Selective thinning. Here you partition your parameter space into main model parameters \(\beta\) and nuisance parameters \(\gamma\) as before. The idea is to keep only the main model parameters for the main model parameters and store the full chain state (both the main model parameters and the nuisance parameters) only when sampling is finished. This requires a much smaller memory footprint like (2) but allows the chain to be restarted as if we were storing the full chain state at every Sample.

PyMC3 allows for (1) and (2) above but as far as I know not (3). This posts illustrates selective thinning for a toy problem and uses MariaDB for backend storage.

import pandas as pd
import sqlalchemy as sqlalchemy
from orgtools import table
import pymc3 as pm3
import numpy as np
import hashlib as hashlib
import matplotlib.pyplot as plt

# some data
x = np.random.randn(1000)

Here is the basic model we will use to illustrate these concepts:

# initialize model
model = pm3.Model()

with model:
   mu = pm3.Flat('mu')
   sigma = pm3.Uniform('sigma',lower=.1,upper=5)
   gamma = pm3.Normal('gamma',mu=0, sd=1, shape=10)
   like = pm3.Normal('Likelihood',mu=mu,sd=sigma,observed=x)

Note that the random variables gamma aren't attached to the model and should be random variates from a standard normal and are included here only for demonstration purposes as stand-ins for nuisance parameters. For our purposes, I consider the nuisance parameters to be \(\gamma\) and main model parameters \(\mu\) and \(\sigma\). Lets take some Samples:

chain_length = 10000

with model:
    step = pm3.Metropolis()
    trace = pm3.sample(chain_length, step=step)

Let's examine the trace and notice it contains our main model parameters (labeled as mu and sd) and the nuisance parameters (labeled as gamma)

pm3.traceplot(trace);
plt.savefig('/tmp/trace.png')
'/tmp/trace.png'

Examining the trace, you can see we have both main and model parameters for the last 5 samples:

table(pm3.trace_to_dataframe(trace).tail(5),5)
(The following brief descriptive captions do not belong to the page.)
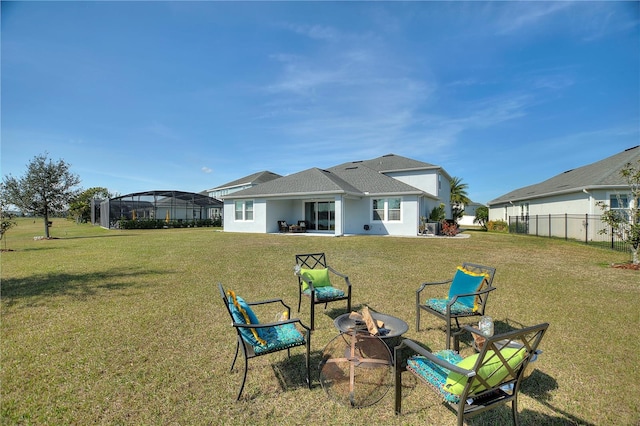 4608 Egg Harbor Dr, Kissimmee, FL 34746 - rear view of house with a yard and glass enclosure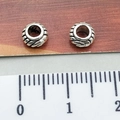 Pair of 8mm Tibetan silver spacer beads with braided texture and measuring ruler - Twisted Pattern Spacer Bead
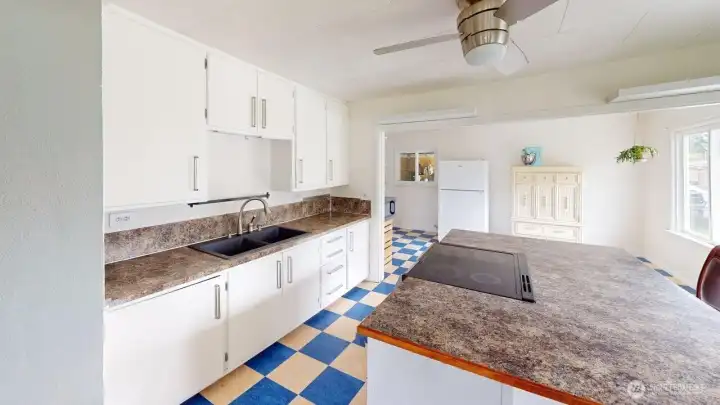 Kitchen looking toward door to carport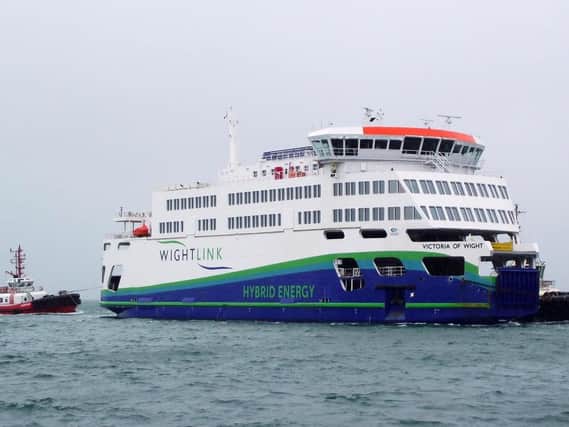 The Isle of Wight ferry, Victoria of Wight approaches Portsmouth Harbour.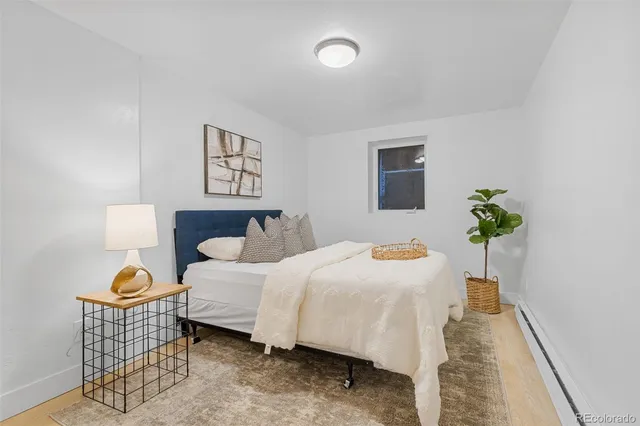 a bedroom with a bed and a potted plant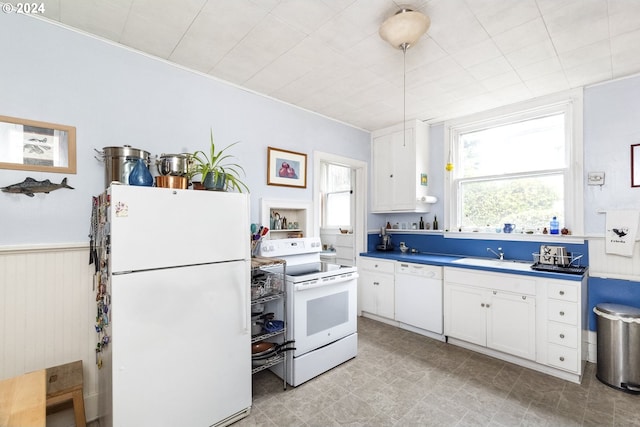 kitchen with white cabinets, white appliances, a wealth of natural light, and sink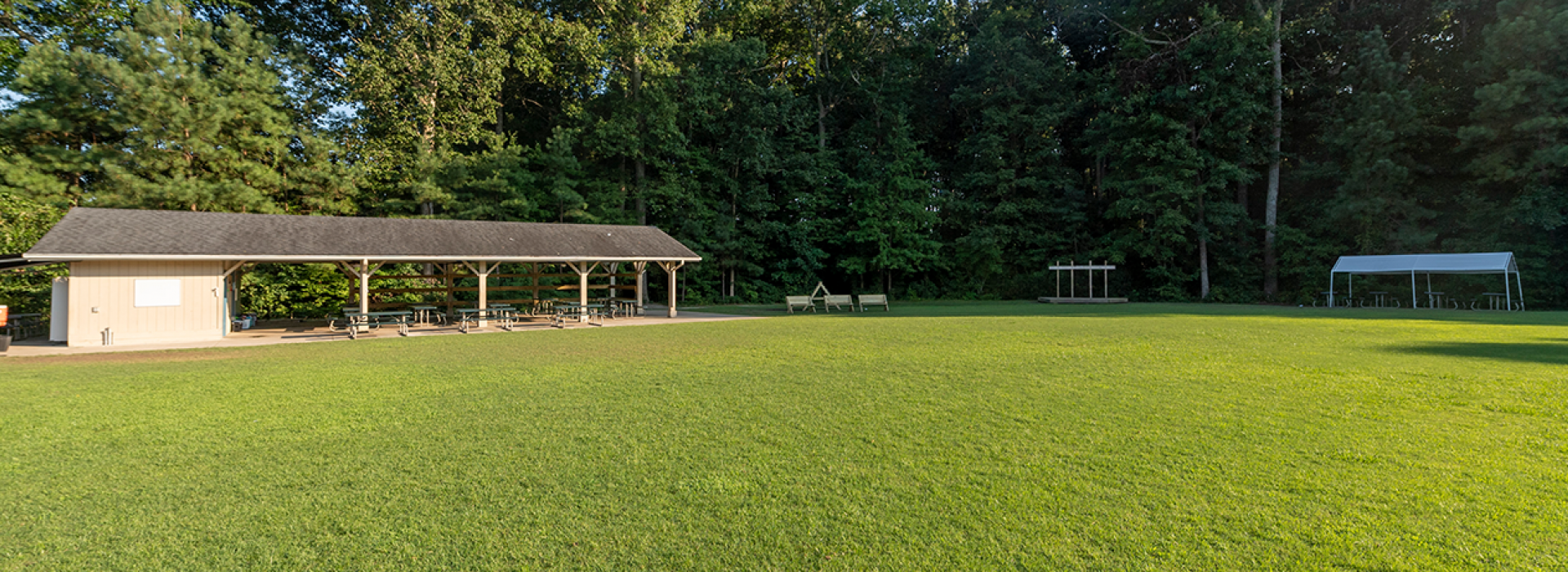 Outside recreation area with field and pavillion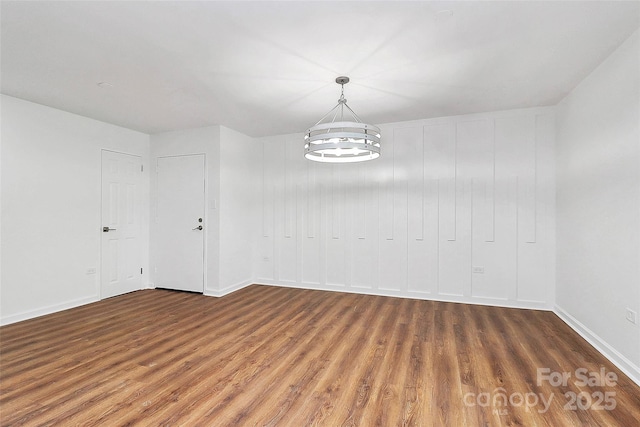 1300 Queens Rd Unit 405, Charlotte, NC 28207 - unfurnished dining area featuring wood finished floors and a chandelier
Note, since we don't care about the variables \(\gamma_1\) through \(\gamma_10\). Consequently, an analysis requiring very long traces and/or traces having many nuisance variables can tax computer memory and/or disk space capacities as I argued above. But to be able to continue sampling, we need to have the current chain state for both the main and nuisance parameters. So in the code below we proceed as follows:

Define \(S\) as the number of posterior samples between interactive breaks in sampling.
Define \(B\) as the number of interactive breaks in sampling.
Define start values as chain_state if \(b>1\) or set to some arbitrary starting value if \(b=1\).
Begin sampling at start values and continue until \(S\) samples have been taken.
Defining the trace \(T_b\) as the full trace and \(T_{mb}\) as the trace of the main model parameters. Both of these traces will have \(S\) samples.
For each break \(b \in B\), store \(T_{mb}\) on disk (or in a database), and store the last sample from \(T_b\) and define as chain_state.
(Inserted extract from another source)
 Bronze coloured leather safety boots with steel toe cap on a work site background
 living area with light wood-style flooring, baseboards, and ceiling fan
For our example above, we would store these values for the current chain state:

chain_state = pm3.trace_to_dataframe(trace).tail(1)
table(chain_state,1)

And the full 10000 samples for our (in this case) two main model parameters:

trace_mb = pm3.trace_to_dataframe(trace)[['mu','sigma']]
trace_mb.shape

Further, note that the last sample in trace_mb coincides with chain_state

table(trace_mb.tail(1),5)

Note that this method will record the trace history of main model parameters for \(B \times S\) samples but will only record the full trace history \(B\) times. In effect this does 2 things:

Selectively thins the model parameters we don't care about
Allows sampling to continue since the full model trace is always known for the last sample taken.

These features allow us to restart sampling and cut down on storage requirements for parameters we don't care about. For implementing this, we will store all trace information in a MariaDB database.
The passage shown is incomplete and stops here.